The argument in this paper is thus. Normally central banks negate the stimulatory effect of a fiscal boost. Or as the authors put it in their abstract, “In normal times central banks offset the effects of fiscal policy.”
But at the zero bound they don’t do this. Thus at the zero bound, fiscal policy can allegedly be used to provide stimulus.
Now there is flaw in that argument as follows.
If a central bank is keeping its base rate at zero (or any other figure, come to that), then it must be printing money and buying back government debt in sufficient quantities to negate any interest rate raising effect of fiscal policy. Put another way, the central bank will be doing some QE.
In fact in the latter scenario, my guess is that for every dollar government borrows, the central bank will print a dollar and buy back a dollar of debt, though admittedly there might not be an exact “dollar for dollar” relationship here.
Anyway, in this scenario, what is taking place is not pure “fiscal policy”. What is taking place is a combination of fiscal and monetary policy. Put another way, what is taking place is exactly what Abba Lerner advocated, namely that in a recession, the government / central bank machine should simply print or create new money and spend it into the economy (and/or cut taxes).
Governments / central banks don’t need to be “self-financing”.
The second flaw in this paper is the extreme concern the authors have with whether a fiscal boost will ultimately be what they call “self-financing”. Here are some typical passages.
1. Section II presents a highly stylized example making our basic point regarding self-financing fiscal policy…
2. They say their argument “analyzes necessary conditions for expansionary fiscal policy to be self-financing…”
3. “A very simple calculation conveys the major message of this paper: A combination of low real U.S. Treasury borrowing rates, positive fiscal multiplier effects, and modest hysteresis effects is sufficient to render fiscal expansion self-financing.”
Now where is the merit in a fiscal boost being “self-financing” in the long run?

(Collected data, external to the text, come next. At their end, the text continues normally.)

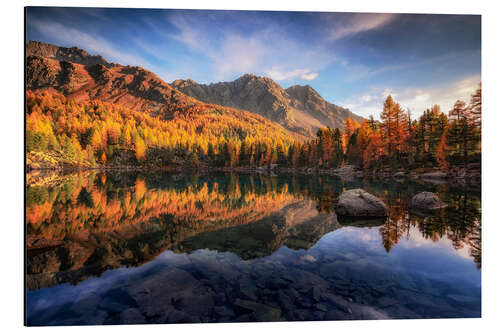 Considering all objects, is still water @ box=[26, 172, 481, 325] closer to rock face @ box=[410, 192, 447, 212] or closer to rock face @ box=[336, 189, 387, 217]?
rock face @ box=[336, 189, 387, 217]

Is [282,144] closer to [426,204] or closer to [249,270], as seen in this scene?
[426,204]

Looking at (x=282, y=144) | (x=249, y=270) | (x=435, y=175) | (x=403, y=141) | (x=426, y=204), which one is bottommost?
(x=249, y=270)

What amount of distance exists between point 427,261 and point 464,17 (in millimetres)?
8182

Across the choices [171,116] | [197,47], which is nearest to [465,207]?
[197,47]

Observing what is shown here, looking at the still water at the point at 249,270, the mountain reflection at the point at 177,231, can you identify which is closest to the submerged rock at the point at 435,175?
the mountain reflection at the point at 177,231

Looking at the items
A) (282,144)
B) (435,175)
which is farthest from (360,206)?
(282,144)

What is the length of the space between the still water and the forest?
136 inches

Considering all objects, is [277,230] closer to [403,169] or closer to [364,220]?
[364,220]

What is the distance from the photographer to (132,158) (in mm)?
80125

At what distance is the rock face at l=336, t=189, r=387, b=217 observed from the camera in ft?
32.0

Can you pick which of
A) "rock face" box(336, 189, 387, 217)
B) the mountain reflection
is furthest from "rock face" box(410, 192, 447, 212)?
"rock face" box(336, 189, 387, 217)

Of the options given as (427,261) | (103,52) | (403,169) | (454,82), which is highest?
(103,52)

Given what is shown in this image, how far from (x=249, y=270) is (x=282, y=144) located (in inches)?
3107

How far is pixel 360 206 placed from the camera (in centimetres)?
998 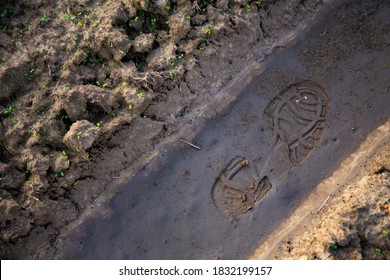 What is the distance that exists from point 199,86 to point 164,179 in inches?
61.4

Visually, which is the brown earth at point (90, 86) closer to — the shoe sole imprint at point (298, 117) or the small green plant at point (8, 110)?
the small green plant at point (8, 110)

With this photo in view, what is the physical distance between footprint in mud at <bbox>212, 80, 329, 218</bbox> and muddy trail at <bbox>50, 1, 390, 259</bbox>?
2 cm

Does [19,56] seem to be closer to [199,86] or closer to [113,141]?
[113,141]

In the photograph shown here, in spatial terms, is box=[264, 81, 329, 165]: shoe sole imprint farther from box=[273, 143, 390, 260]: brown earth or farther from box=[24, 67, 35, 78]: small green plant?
box=[24, 67, 35, 78]: small green plant

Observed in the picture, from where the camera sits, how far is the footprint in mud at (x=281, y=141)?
581 cm

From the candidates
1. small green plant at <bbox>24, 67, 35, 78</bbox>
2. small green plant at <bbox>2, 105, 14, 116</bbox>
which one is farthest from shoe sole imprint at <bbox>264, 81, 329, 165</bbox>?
small green plant at <bbox>2, 105, 14, 116</bbox>

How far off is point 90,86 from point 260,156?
2801 millimetres

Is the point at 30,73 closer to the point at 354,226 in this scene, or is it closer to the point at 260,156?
the point at 260,156

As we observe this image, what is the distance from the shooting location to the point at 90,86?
5.68 meters

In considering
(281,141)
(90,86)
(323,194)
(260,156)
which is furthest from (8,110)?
(323,194)

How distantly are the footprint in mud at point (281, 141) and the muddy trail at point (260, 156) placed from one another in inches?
0.6

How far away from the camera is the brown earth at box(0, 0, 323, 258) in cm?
548

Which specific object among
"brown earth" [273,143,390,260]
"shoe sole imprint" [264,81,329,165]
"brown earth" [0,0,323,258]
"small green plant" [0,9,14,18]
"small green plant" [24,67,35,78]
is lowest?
"brown earth" [273,143,390,260]

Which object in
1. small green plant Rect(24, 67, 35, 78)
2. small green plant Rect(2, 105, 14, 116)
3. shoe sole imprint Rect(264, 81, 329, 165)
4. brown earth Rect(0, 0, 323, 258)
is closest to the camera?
brown earth Rect(0, 0, 323, 258)
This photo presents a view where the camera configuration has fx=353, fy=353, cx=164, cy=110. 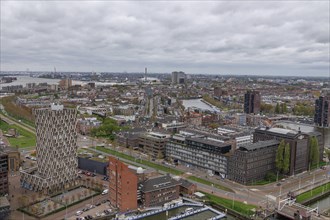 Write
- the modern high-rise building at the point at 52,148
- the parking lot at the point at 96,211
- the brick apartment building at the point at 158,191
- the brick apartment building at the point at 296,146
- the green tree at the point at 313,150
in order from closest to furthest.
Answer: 1. the parking lot at the point at 96,211
2. the brick apartment building at the point at 158,191
3. the modern high-rise building at the point at 52,148
4. the brick apartment building at the point at 296,146
5. the green tree at the point at 313,150

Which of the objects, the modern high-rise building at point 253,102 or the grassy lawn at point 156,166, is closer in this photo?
the grassy lawn at point 156,166

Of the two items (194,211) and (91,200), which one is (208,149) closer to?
(194,211)

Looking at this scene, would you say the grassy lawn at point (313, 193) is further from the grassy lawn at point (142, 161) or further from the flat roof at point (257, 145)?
the grassy lawn at point (142, 161)

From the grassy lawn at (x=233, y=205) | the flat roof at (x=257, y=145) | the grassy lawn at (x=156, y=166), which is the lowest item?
the grassy lawn at (x=233, y=205)

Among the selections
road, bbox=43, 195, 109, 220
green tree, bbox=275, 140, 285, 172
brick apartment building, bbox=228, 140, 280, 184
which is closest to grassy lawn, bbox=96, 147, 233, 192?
brick apartment building, bbox=228, 140, 280, 184

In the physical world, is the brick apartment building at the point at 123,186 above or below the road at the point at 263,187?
above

Darned if I know.
The government / central bank machine can print and spend any amount of money it wants so as to effect stimulus. Conversely it can confiscate any amount of money it wants anytime from the private sector simply by raising taxes.
MICROECONOMIC entities have to be self-financing in the long run. If they fail to “self-finance”, they go bust.
But the government / central bank machine is a totally different kettle of fish: it is not under the same constraints as a microeconomic entity.
If a fiscal boost fails in to the long run to be self-financing, that means the government / central bank machine must have supplied the private sector with a permanent increased stock of net paper assets (monetary base and/or government debt).
What of it? Why does that matter? If the effect if that increased stock is to induce the private sector to spend at a rate that causes excessive inflation, then the stock needs to be reduced via extra tax. But if the private sector wants to hold this increased stock for the next twenty years, where’s the problem? Moreover, if this stock IS REDUCED the result will be paradox of thrift unemployment. So the stock should very definitely NOT BE reduced.
P.S. (4th April). Sumner also attacks the above Summers and De Long paper (on 26th March)
http://www.themoneyillusion.com/?p=13715
P.S. (2nd May, 2012). The above nonsensical DeLong / Summers “self-financing” argument is also criticised by L.Randall Wray in an EconoMonitor article published on 1st May 2012.